Entry of the Crusaders in Constantinople by Eugene Delacroix
Entry of the Crusaders in Constantinople illustrates an episode of the Fourth Crusade (1202-4), organized under the impetus of Pope Innocent III. Turned away from their original goal - the
reconquest of the Holy Places which had been occupied by the Moslems since 1187 - the Christians, under the leadership of Count Baldwin of Flanders and the doge of Venice, Dandolo, seized
Constantinople, at the request of the emperor, Isaac II Angelus, who had been dethroned and whom they restored to power in July, 1203. A revolt forced them to lay siege to the city a second time,
and they sacked it on April 12, 1204. The territory was broken up and divided among the Crusade leaders, with Baldwin placed at the head of the ephemeral Latin Empire that lasted until 1261.

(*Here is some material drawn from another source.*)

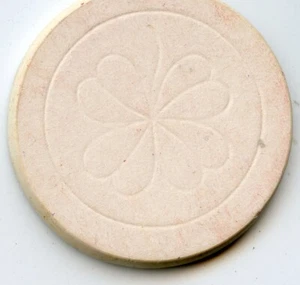 Antique Poker Chip: Pressed Paper Clover White - Picture 1 of 2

We can measure here the path traveled by the artist in twenty years, since The Massacre of Chios of 1824. As against scenes of pillage and carnage, Delacroix here preferred to depict the moment
when the weary warriors pause in the face of supplications and death, when violence begins to abate, and order is about to be restored. A concern for balance dominates the composition, built of
groups given rhythm by the vertical lines; an obvious suggestion of Veronese's The Marriage at Carta reappears in the noble architecture of the columned portico at the left. It is moreover from
the Venetians that Delacroix learned this sumptuousness of expressive color, this sense of living light which floods the whole canvas and especially the wonderful background landscape of
Constantinople lying along the blue waters of the Golden Horn and the Bosphorus.